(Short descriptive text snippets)
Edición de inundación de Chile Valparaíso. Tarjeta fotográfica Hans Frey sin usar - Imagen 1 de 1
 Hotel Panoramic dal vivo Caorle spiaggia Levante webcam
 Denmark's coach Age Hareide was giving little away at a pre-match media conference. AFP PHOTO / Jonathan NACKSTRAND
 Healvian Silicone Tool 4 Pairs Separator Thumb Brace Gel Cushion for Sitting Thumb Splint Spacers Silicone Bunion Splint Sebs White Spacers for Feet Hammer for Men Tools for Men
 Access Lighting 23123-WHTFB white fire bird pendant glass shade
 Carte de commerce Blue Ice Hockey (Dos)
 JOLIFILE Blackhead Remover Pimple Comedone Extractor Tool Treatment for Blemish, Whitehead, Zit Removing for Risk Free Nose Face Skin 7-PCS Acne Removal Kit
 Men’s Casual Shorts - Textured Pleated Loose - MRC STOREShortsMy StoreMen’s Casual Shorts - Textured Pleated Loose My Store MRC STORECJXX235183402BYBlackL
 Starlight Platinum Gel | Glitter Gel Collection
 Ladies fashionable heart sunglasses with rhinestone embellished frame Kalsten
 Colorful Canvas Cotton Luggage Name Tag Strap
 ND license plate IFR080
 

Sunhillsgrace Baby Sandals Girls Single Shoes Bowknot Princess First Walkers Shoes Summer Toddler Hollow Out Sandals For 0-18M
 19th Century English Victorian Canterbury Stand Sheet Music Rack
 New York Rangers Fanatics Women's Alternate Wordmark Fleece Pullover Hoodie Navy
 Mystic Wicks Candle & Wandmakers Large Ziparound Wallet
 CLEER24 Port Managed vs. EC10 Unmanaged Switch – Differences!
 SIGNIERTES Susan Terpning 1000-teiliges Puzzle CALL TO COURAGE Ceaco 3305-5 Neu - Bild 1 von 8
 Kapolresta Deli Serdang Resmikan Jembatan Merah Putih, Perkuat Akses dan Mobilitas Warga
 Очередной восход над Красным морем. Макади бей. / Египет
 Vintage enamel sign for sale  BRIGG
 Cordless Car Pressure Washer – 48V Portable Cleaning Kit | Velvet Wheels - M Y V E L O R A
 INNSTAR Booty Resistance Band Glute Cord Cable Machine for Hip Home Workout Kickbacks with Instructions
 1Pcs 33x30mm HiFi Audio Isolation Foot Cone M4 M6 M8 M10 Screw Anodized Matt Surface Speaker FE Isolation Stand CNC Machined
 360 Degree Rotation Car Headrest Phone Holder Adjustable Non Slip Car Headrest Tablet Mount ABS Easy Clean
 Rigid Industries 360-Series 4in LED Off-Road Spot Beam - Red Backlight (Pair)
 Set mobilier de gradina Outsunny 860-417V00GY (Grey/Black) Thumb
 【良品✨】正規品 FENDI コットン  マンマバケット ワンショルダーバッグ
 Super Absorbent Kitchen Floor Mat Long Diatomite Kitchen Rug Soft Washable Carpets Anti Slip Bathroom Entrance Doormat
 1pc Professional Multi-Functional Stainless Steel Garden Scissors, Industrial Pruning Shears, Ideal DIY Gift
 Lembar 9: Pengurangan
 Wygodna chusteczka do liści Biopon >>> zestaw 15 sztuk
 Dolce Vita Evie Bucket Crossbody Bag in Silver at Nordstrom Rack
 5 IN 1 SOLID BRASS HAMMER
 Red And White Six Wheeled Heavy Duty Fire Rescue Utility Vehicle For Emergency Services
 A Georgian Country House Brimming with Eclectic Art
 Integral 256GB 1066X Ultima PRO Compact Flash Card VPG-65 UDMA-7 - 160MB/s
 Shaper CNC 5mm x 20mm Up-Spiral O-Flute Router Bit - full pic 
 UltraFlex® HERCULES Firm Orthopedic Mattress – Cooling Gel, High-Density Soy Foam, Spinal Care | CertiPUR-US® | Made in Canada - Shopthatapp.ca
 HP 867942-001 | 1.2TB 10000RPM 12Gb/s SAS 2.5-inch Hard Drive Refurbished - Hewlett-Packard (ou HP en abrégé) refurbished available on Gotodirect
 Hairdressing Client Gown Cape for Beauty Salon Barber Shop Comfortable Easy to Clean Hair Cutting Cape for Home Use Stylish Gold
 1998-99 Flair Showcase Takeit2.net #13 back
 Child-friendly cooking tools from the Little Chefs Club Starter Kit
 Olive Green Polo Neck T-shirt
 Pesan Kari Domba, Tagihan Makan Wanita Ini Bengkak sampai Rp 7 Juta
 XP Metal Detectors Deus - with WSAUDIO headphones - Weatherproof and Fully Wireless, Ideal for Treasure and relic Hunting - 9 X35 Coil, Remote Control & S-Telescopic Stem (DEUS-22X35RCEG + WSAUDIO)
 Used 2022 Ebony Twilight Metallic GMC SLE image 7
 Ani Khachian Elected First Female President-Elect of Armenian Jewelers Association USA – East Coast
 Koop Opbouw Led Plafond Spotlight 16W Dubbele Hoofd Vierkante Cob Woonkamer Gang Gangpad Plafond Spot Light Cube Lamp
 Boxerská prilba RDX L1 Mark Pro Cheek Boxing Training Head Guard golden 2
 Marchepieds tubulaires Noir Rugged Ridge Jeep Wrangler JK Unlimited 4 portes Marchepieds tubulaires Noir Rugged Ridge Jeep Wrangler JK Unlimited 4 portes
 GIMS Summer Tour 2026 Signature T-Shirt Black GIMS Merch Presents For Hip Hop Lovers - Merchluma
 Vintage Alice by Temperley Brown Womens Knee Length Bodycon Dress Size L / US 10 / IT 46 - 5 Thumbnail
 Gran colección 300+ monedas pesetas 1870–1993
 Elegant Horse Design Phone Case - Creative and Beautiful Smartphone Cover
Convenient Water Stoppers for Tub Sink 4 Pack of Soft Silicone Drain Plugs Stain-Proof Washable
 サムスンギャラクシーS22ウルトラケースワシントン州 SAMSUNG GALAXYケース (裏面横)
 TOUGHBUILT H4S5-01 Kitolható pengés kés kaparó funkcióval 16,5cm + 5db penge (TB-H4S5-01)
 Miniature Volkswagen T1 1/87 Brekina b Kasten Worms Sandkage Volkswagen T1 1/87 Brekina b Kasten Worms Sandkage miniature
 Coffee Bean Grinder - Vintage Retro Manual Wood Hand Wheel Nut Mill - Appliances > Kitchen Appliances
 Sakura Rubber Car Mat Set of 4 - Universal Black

Problem requirements: Write out each entry exactly, and omit nothing.

Exercise answer:
Edición de inundación de Chile Valparaíso. Tarjeta fotográfica Hans Frey sin usar - Imagen 1 de 1
 Hotel Panoramic dal vivo Caorle spiaggia Levante webcam
 Denmark's coach Age Hareide was giving little away at a pre-match media conference. AFP PHOTO / Jonathan NACKSTRAND
 Healvian Silicone Tool 4 Pairs Separator Thumb Brace Gel Cushion for Sitting Thumb Splint Spacers Silicone Bunion Splint Sebs White Spacers for Feet Hammer for Men Tools for Men
 Access Lighting 23123-WHTFB white fire bird pendant glass shade
 Carte de commerce Blue Ice Hockey (Dos)
 JOLIFILE Blackhead Remover Pimple Comedone Extractor Tool Treatment for Blemish, Whitehead, Zit Removing for Risk Free Nose Face Skin 7-PCS Acne Removal Kit
 Men’s Casual Shorts - Textured Pleated Loose - MRC STOREShortsMy StoreMen’s Casual Shorts - Textured Pleated Loose My Store MRC STORECJXX235183402BYBlackL
 Starlight Platinum Gel | Glitter Gel Collection
 Ladies fashionable heart sunglasses with rhinestone embellished frame Kalsten
 Colorful Canvas Cotton Luggage Name Tag Strap
 ND license plate IFR080
 

Sunhillsgrace Baby Sandals Girls Single Shoes Bowknot Princess First Walkers Shoes Summer Toddler Hollow Out Sandals For 0-18M
 19th Century English Victorian Canterbury Stand Sheet Music Rack
 New York Rangers Fanatics Women's Alternate Wordmark Fleece Pullover Hoodie Navy
 Mystic Wicks Candle & Wandmakers Large Ziparound Wallet
 CLEER24 Port Managed vs. EC10 Unmanaged Switch – Differences!
 SIGNIERTES Susan Terpning 1000-teiliges Puzzle CALL TO COURAGE Ceaco 3305-5 Neu - Bild 1 von 8
 Kapolresta Deli Serdang Resmikan Jembatan Merah Putih, Perkuat Akses dan Mobilitas Warga
 Очередной восход над Красным морем. Макади бей. / Египет
 Vintage enamel sign for sale  BRIGG
 Cordless Car Pressure Washer – 48V Portable Cleaning Kit | Velvet Wheels - M Y V E L O R A
 INNSTAR Booty Resistance Band Glute Cord Cable Machine for Hip Home Workout Kickbacks with Instructions
 1Pcs 33x30mm HiFi Audio Isolation Foot Cone M4 M6 M8 M10 Screw Anodized Matt Surface Speaker FE Isolation Stand CNC Machined
 360 Degree Rotation Car Headrest Phone Holder Adjustable Non Slip Car Headrest Tablet Mount ABS Easy Clean
 Rigid Industries 360-Series 4in LED Off-Road Spot Beam - Red Backlight (Pair)
 Set mobilier de gradina Outsunny 860-417V00GY (Grey/Black) Thumb
 【良品✨】正規品 FENDI コットン  マンマバケット ワンショルダーバッグ
 Super Absorbent Kitchen Floor Mat Long Diatomite Kitchen Rug Soft Washable Carpets Anti Slip Bathroom Entrance Doormat
 1pc Professional Multi-Functional Stainless Steel Garden Scissors, Industrial Pruning Shears, Ideal DIY Gift
 Lembar 9: Pengurangan
 Wygodna chusteczka do liści Biopon >>> zestaw 15 sztuk
 Dolce Vita Evie Bucket Crossbody Bag in Silver at Nordstrom Rack
 5 IN 1 SOLID BRASS HAMMER
 Red And White Six Wheeled Heavy Duty Fire Rescue Utility Vehicle For Emergency Services
 A Georgian Country House Brimming with Eclectic Art
 Integral 256GB 1066X Ultima PRO Compact Flash Card VPG-65 UDMA-7 - 160MB/s
 Shaper CNC 5mm x 20mm Up-Spiral O-Flute Router Bit - full pic 
 UltraFlex® HERCULES Firm Orthopedic Mattress – Cooling Gel, High-Density Soy Foam, Spinal Care | CertiPUR-US® | Made in Canada - Shopthatapp.ca
 HP 867942-001 | 1.2TB 10000RPM 12Gb/s SAS 2.5-inch Hard Drive Refurbished - Hewlett-Packard (ou HP en abrégé) refurbished available on Gotodirect
 Hairdressing Client Gown Cape for Beauty Salon Barber Shop Comfortable Easy to Clean Hair Cutting Cape for Home Use Stylish Gold
 1998-99 Flair Showcase Takeit2.net #13 back
 Child-friendly cooking tools from the Little Chefs Club Starter Kit
 Olive Green Polo Neck T-shirt
 Pesan Kari Domba, Tagihan Makan Wanita Ini Bengkak sampai Rp 7 Juta
 XP Metal Detectors Deus - with WSAUDIO headphones - Weatherproof and Fully Wireless, Ideal for Treasure and relic Hunting - 9 X35 Coil, Remote Control & S-Telescopic Stem (DEUS-22X35RCEG + WSAUDIO)
 Used 2022 Ebony Twilight Metallic GMC SLE image 7
 Ani Khachian Elected First Female President-Elect of Armenian Jewelers Association USA – East Coast
 Koop Opbouw Led Plafond Spotlight 16W Dubbele Hoofd Vierkante Cob Woonkamer Gang Gangpad Plafond Spot Light Cube Lamp
 Boxerská prilba RDX L1 Mark Pro Cheek Boxing Training Head Guard golden 2
 Marchepieds tubulaires Noir Rugged Ridge Jeep Wrangler JK Unlimited 4 portes Marchepieds tubulaires Noir Rugged Ridge Jeep Wrangler JK Unlimited 4 portes
 GIMS Summer Tour 2026 Signature T-Shirt Black GIMS Merch Presents For Hip Hop Lovers - Merchluma
 Vintage Alice by Temperley Brown Womens Knee Length Bodycon Dress Size L / US 10 / IT 46 - 5 Thumbnail
 Gran colección 300+ monedas pesetas 1870–1993
 Elegant Horse Design Phone Case - Creative and Beautiful Smartphone Cover
Convenient Water Stoppers for Tub Sink 4 Pack of Soft Silicone Drain Plugs Stain-Proof Washable
 サムスンギャラクシーS22ウルトラケースワシントン州 SAMSUNG GALAXYケース (裏面横)
 TOUGHBUILT H4S5-01 Kitolható pengés kés kaparó funkcióval 16,5cm + 5db penge (TB-H4S5-01)
 Miniature Volkswagen T1 1/87 Brekina b Kasten Worms Sandkage Volkswagen T1 1/87 Brekina b Kasten Worms Sandkage miniature
 Coffee Bean Grinder - Vintage Retro Manual Wood Hand Wheel Nut Mill - Appliances > Kitchen Appliances
 Sakura Rubber Car Mat Set of 4 - Universal Black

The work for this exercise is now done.